[PROBLEM TO SOLVE]
An exact copy of every entry is needed, with no images.

[Records from a data collection]
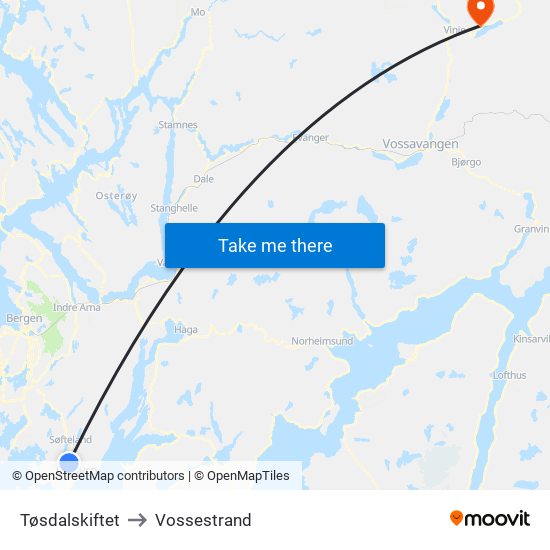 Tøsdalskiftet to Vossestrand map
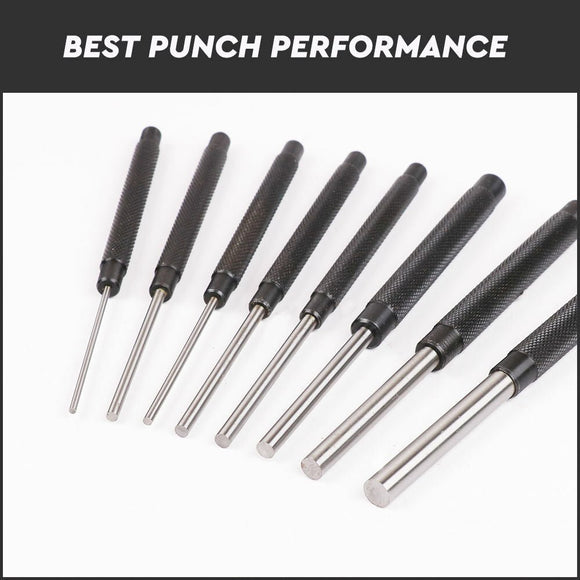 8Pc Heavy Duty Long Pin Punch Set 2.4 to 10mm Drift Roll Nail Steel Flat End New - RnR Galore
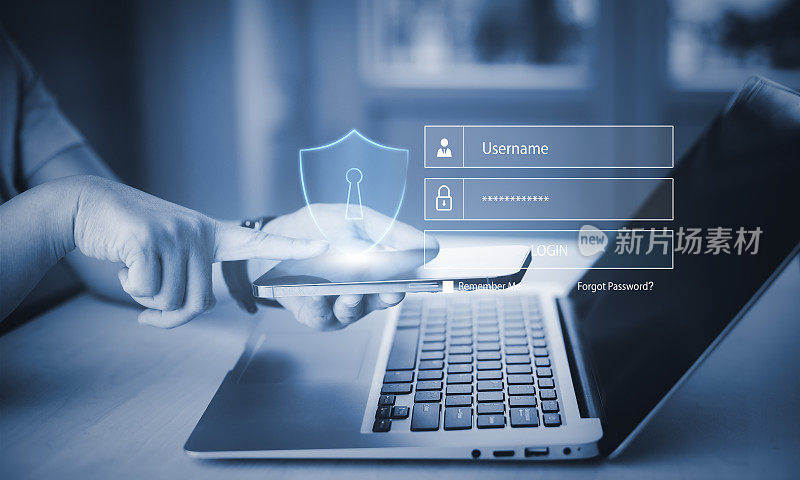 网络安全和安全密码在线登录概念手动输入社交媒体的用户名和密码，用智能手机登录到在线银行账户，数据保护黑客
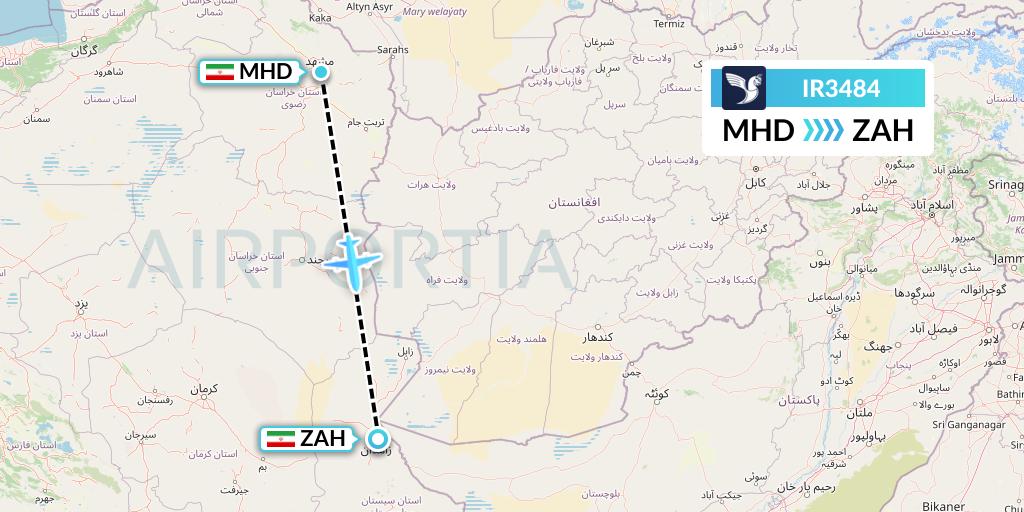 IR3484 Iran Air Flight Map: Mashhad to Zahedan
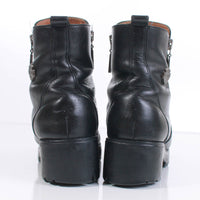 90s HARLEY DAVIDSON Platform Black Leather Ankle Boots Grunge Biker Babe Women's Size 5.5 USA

[FINAL ANSWER]
 Tøsdalskiftet to Vossestrand map
 8Pc Heavy Duty Long Pin Punch Set 2.4 to 10mm Drift Roll Nail Steel Flat End New - RnR Galore
 网络安全和安全密码在线登录概念手动输入社交媒体的用户名和密码，用智能手机登录到在线银行账户，数据保护黑客
 IR3484 Iran Air Flight Map: Mashhad to Zahedan
 90s HARLEY DAVIDSON Platform Black Leather Ankle Boots Grunge Biker Babe Women's Size 5.5 USA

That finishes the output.